В Вязниках, куда Ольга Высотская переехала из Курской губернии, она вела драмкружок в городском Доме учителя. Здесь же Орест окончил лесной техникум, в 1934 году – он выпускник Ленинградской лесотехнической академии. В апреле 1938-го, через месяц после ареста Льва Гумилева, был арестован и Орест. После полутора лет тюремного заключения освобожден. В 1942 году Орест Николаевич призван в ряды Красной Армии, служил, по свидетельству В.Л. Полушина, в гвардейских минометчиках. Дошел до Берлина. После войны работал в лесных хозяйствах Западной Украины, Карелии, Тюменской области. С 1959 года Высотский – доцент, кандидат экономических наук.
Ещё в Вязниках Орест Николаевич женился на Екатерине Николаевне Удольской. У них родились трое детей. В 1934 году – дочь Ия (по мужу – Сазонова). Выйдя замуж, она переехала в Новую Каховку. В 1941 году родился сын Николай (назван в честь деда Николая Григорьевича, стал офицером, умер 3 августа 1991 года в Крыму), в 1952 году появилась на свет Лариса (в замужестве – Колодзейская).
В Тирасполе Высотский жил с конца 50-х, был директором 5-й мебельной фабрики, позже преподавал в Кишиневском государственном университете. Во второй половине 80-х, когда сам Орест Николаевич уже переехал из Тирасполя в Кишинев, его дочь и внуки всё ещё жили в доме на Водопроводной улице. В 1992 году Орест Николаевич умер, а в 1999 году не стало Ларисы Орестовны.
Мне нужно было выяснить, проживает ли в доме на Водопроводной улице кто-нибудь из потомков Высотского. Точный адрес был указан на конверте из коллекции Н.В. Бабилунги: Водопроводная, 58.

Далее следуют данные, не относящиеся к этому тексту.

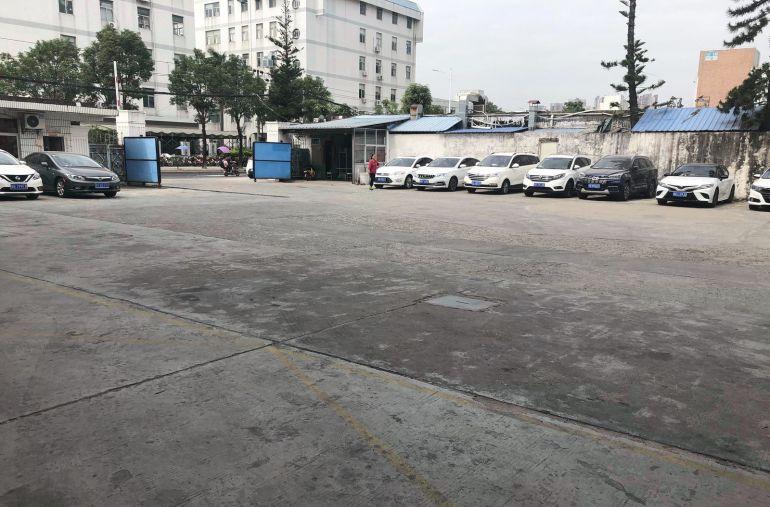 横岗荷坳地铁站附近一楼400平原房东厂房出租院子大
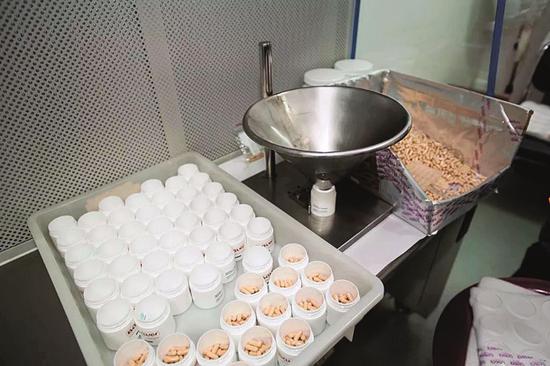 2018年4月24日，采取收網(wǎng)行動(dòng)時(shí)，嘉興警方在大連思蘭德公司查封的假藥倉(cāng)庫(kù)。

Как выяснилось, самой улицы давно нет – она переименована в улицу 95-й Молдавской дивизии. Но нумерация домов осталась прежней. Однако меня постигло разочарование: хозяев не было дома, а рабочий по имени Иван, занимавшийся укладкой плитки во дворе, ничем не мог помочь. Помогли соседи: по их словам, дом вот уже несколько лет, как продан. В нем живут новые владельцы, которые в настоящий момент делают ремонт.
Я оставил Ивану номер телефона, попросил передать владельцам просьбу связаться со мной. Увы, никто так и не позвонил. Обещание соседей, лично знавших наследников Ореста Николаевича, передать родственникам просьбу выйти на связь с редакцией, судя по всему, не было выполнено. Либо сами родственники по каким-то причинам уклонились от разговора. На публикации в газете «Приднестровье» пока никто не откликнулся.
Соседи же, включая тех, что поселились на ул. 95-й Молдавской дивизии много позже, знали, что рядом когда-то очень давно жил поэт. Что за поэт – Орест Николаевич, писавший стихи, или сам Николай Степанович, – сказать уже никто не мог. Отныне это была легенда, а легенда не терпит чрезмерного количества деталей, утомительных подробностей…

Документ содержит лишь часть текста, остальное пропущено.